The Alliance continues to seek special consideration of the impact of any proposed Budget measures on people who are already experiencing disadvantage.

The Alliance's detailed submission on out-of-pocket costs (to the Senate enquiry) makes it clear that it is people in rural and remote areas who are already more likely to postpone or miss out on a medical service or a medication due to cost.

See our media release Co-payments: missing the point for rural and remote health in response to the report of the National Commission of Audit.

Our news articles such as The principles are important - not the name relating to Medicare Locals before the budget and ongoing public comments reflect the positions outlined in our submissions over time.

The Alliance Submission to the National Commission of Audit (December 2013) and separate Submission to the Senate Inquiry into the Commission's activities (February 2014) highlighted how unfairness is linked with location. The Snapshot of poverty in rural and regional Australia produced by the Alliance and the Australian Council of Social Service reported that poverty and a range of other disadvantages are more prevalent in rural and remote areas.

The view from the top

Peter Dutton, Minister for Health and Sports, outlined some of the government's priorities for changes in the health sector in his 'headland' Address to the CEDA Conference on 19 February 2014.

The Minister identified the four areas that make up nearly three-quarters of Commonwealth health expenditure: subsidies to individuals for medical services through the Medicare Benefits Schedule, subsidies to individuals for pharmaceuticals through the Pharmaceutical Benefits Scheme, subsidies to individuals through the Private Health Insurance Rebate, and payments to the states and territories for public hospitals.

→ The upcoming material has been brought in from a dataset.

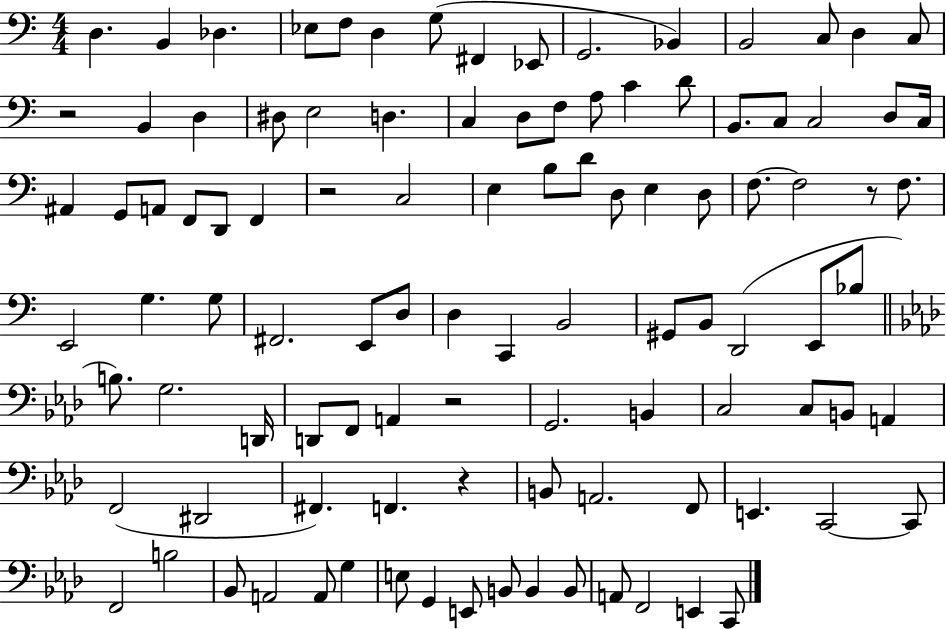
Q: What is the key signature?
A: C major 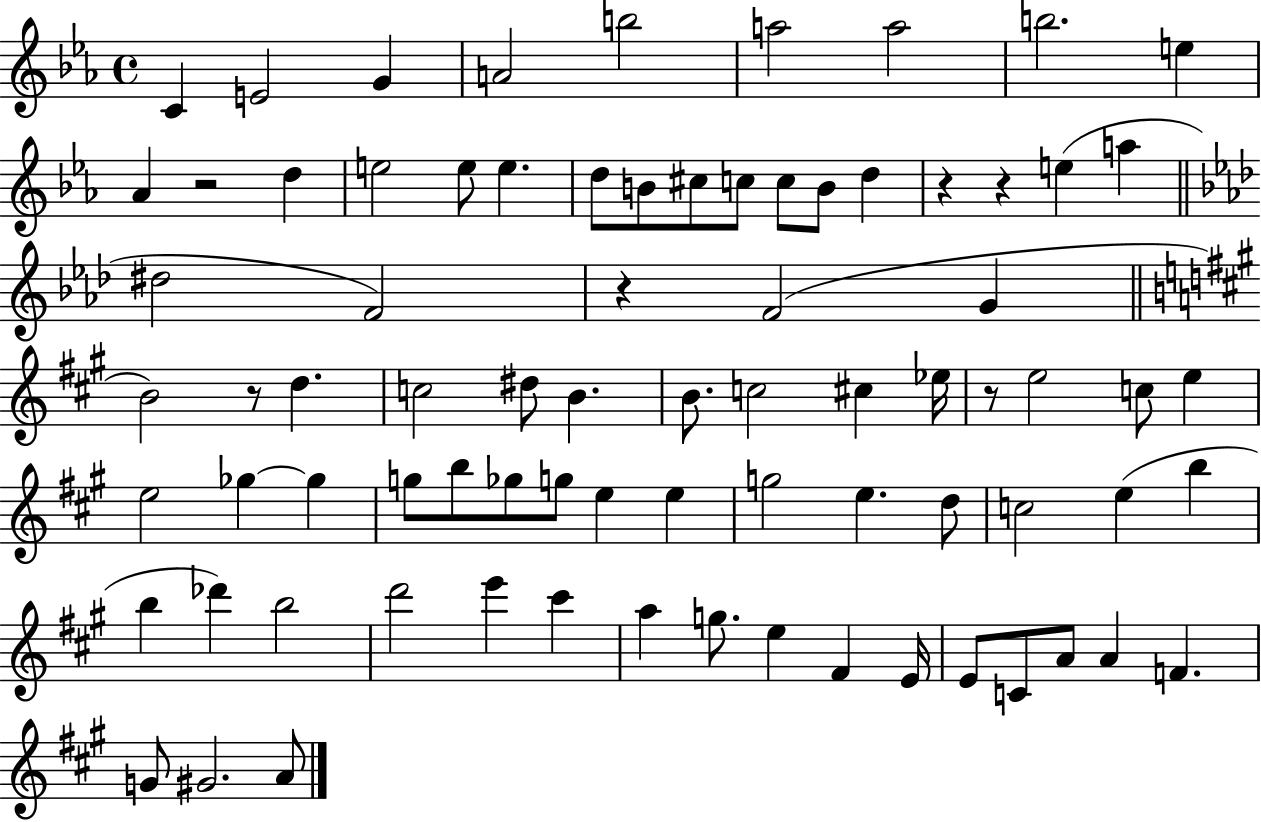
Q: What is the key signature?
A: EES major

For those like the Alliance whose business is policy, the following may be the key sentence from the Minister’s speech:

"We must be constrained in the way we approach new policies. We must be innovative. We must focus on consumer needs in a sustainable and sensible way. And, fundamentally, we must not add cost."

The view from the field

The extent to which the health sector will be subject to cuts is still unclear but the government will have to introduce changes in one or more of the four key areas of expenditure listed above by Minister Dutton if it is serious about reining in increasing costs.

Clearly there will be a response to the review of Medicare Locals, now with Government, which focused on the functions that Medicare Locals should and should not have. The Alliance believes that some form of regional infrastructure, respecting the full range of allied health, nursing and medical practitioners is now part of health care delivery in Australia. The Alliance Submission to the Medicare Locals Review placed importance on functions such as analysis of local need - and perhaps a role in workforce – for improving rural and remote health.

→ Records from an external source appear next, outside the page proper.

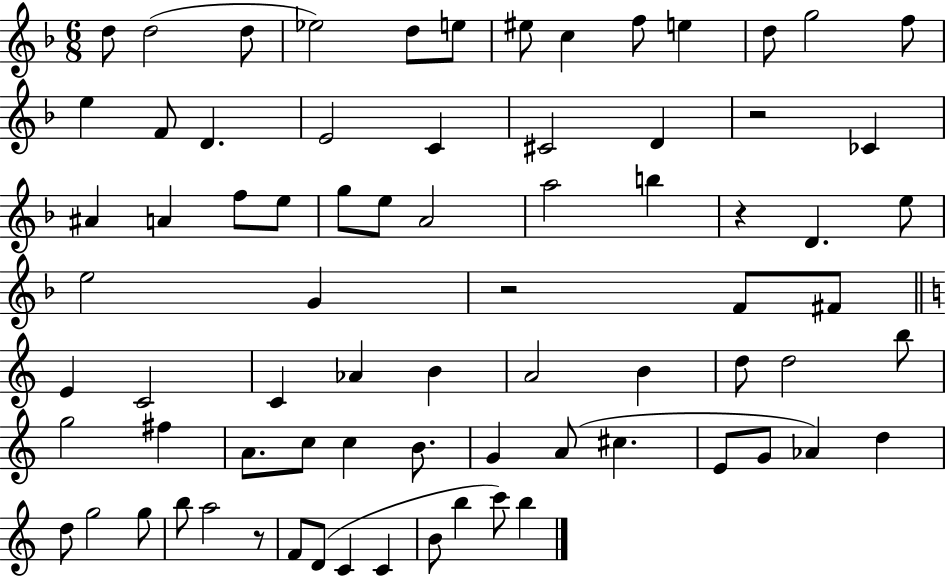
X:1
T:Untitled
M:6/8
L:1/4
K:F
d/2 d2 d/2 _e2 d/2 e/2 ^e/2 c f/2 e d/2 g2 f/2 e F/2 D E2 C ^C2 D z2 _C ^A A f/2 e/2 g/2 e/2 A2 a2 b z D e/2 e2 G z2 F/2 ^F/2 E C2 C _A B A2 B d/2 d2 b/2 g2 ^f A/2 c/2 c B/2 G A/2 ^c E/2 G/2 _A d d/2 g2 g/2 b/2 a2 z/2 F/2 D/2 C C B/2 b c'/2 b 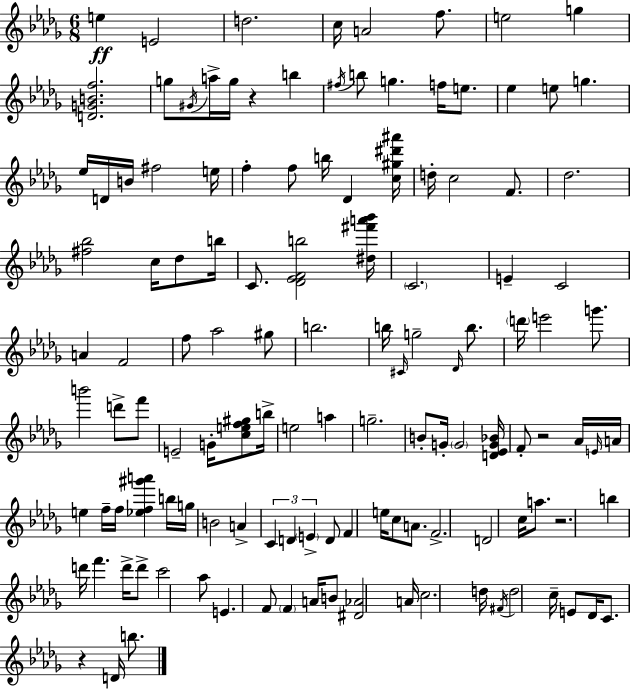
E5/q E4/h D5/h. C5/s A4/h F5/e. E5/h G5/q [D4,G4,B4,F5]/h. G5/e G#4/s A5/s G5/s R/q B5/q F#5/s B5/e G5/q. F5/s E5/e. Eb5/q E5/e G5/q. Eb5/s D4/s B4/s F#5/h E5/s F5/q F5/e B5/s Db4/q [C5,G#5,D#6,A#6]/s D5/s C5/h F4/e. Db5/h. [F#5,Bb5]/h C5/s Db5/e B5/s C4/e. [Db4,Eb4,F4,B5]/h [D#5,F#6,A6,Bb6]/s C4/h. E4/q C4/h A4/q F4/h F5/e Ab5/h G#5/e B5/h. B5/s C#4/s G5/h Db4/s B5/e. D6/s E6/h G6/e. B6/h D6/e F6/e E4/h G4/s [C5,E5,F5,G#5]/e B5/s E5/h A5/q G5/h. B4/e G4/s G4/h [D4,Eb4,G4,Bb4]/s F4/e R/h Ab4/s E4/s A4/s E5/q F5/s F5/s [Eb5,F5,G#6,A6]/q B5/s G5/s B4/h A4/q C4/q D4/q E4/q D4/e F4/q E5/s C5/e A4/e. F4/h. D4/h C5/s A5/e. R/h. B5/q D6/s F6/q. D6/s D6/e C6/h Ab5/e E4/q. F4/e F4/q A4/s B4/e [D#4,Ab4]/h A4/s C5/h. D5/s F#4/s D5/h C5/s E4/e Db4/s C4/e. R/q D4/s B5/e.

The Alliance also made a Submission to the Review of the Personally Controlled Electronic Health Record (PCEHR) and was encouraged to hear Minister Dutton speaking about the importance of an electronic health record in his CEDA Address.

In the future there may well be reviews of the funding of clinical training and of medical training as a whole. The Alliance has a strong ongoing interest in overcoming the maldistribution of health professionals across the nation, including our 20 Point Plan: Twenty steps to equal health by 2020.

The biggest 'known unknown' in the Federal Budget and beyond probably relates to Medicare. How might it be restructured? The Alliance is among those who believe that an effectively functioning Medicare is only one part of the funding system that needs to apply to the provision of primary care. The public purse should be just as generous in the provision of low-cost or no cost primary care in areas where there is not the throughput for commercial sustainability as it is in more populated areas.

The 'unknown unknowns' in the Federal Budget are things that will come up unexpectedly. If they are new or more targeted investments, it is to be hoped that rural and remote people are among the main beneficiaries. And if they are savings measures it is to be hoped that families and communities that are already disadvantaged, many of which are in rural and remote areas, are sheltered by some means from their worst effects.